Anne Robinson Ripley Smith (March 3, 1881 – June 1, 1949) was a co-founder of Alcoholics Anonymous, along with her husband, Bob Smith, and Bill Wilson.

== Biography ==
Anne Ripley was born in Moline, Illinois, and raised in Oak Park, Illinois, the daughter of Joseph Trescott Ripley and Harriet Theresa Konantz Ripley. Railroad executive Edward Payson Ripley was her uncle. She graduated from Wellesley College in 1903. She married physician Robert Holbrook Smith in 1915, and they had two children. She died in 1949, at age 68.

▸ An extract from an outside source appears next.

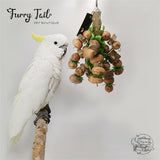 Pet Large Bird Parrot Nut Cruncher Pepper Wood Bite Chew Toy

== Alcoholics Anonymous ==
Anne Smith's influence in Alcoholics Anonymous became widely known through her publication, Anne Smith's Journal, 1933-1939. She compiled and shared with early participants and their families the materials that comprised the early Alcoholics Anonymous's spiritual program—the Bible, Quiet Time, the teachings of Sam Shoemaker, the principles of the Oxford Group, and Christian literature of the day. Smith also became one of the first members of the Al-Anon mutual aid organization when another founder, the wife of Bill W., Lois Wilson, visited her in Akron, Ohio. Al-Anon officially began in 1951, after Anne Smith's death.